Collected data entries:

'''

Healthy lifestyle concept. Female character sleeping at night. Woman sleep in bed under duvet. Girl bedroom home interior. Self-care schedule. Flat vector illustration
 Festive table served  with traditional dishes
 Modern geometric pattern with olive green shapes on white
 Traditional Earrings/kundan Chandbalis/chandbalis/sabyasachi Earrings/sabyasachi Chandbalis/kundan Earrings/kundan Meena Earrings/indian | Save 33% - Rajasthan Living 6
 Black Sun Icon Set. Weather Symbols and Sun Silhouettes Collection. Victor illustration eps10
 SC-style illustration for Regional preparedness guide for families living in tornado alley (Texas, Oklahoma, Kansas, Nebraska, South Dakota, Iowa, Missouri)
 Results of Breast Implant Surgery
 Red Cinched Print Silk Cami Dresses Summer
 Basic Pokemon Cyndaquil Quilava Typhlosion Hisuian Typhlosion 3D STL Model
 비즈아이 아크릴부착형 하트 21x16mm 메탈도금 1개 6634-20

'''

• REQUIRED ACTION: Each line in the records that carries "illustration" must be copied out.

• RESULT FOR THIS TASK:
Healthy lifestyle concept. Female character sleeping at night. Woman sleep in bed under duvet. Girl bedroom home interior. Self-care schedule. Flat vector illustration
 Black Sun Icon Set. Weather Symbols and Sun Silhouettes Collection. Victor illustration eps10
 SC-style illustration for Regional preparedness guide for families living in tornado alley (Texas, Oklahoma, Kansas, Nebraska, South Dakota, Iowa, Missouri)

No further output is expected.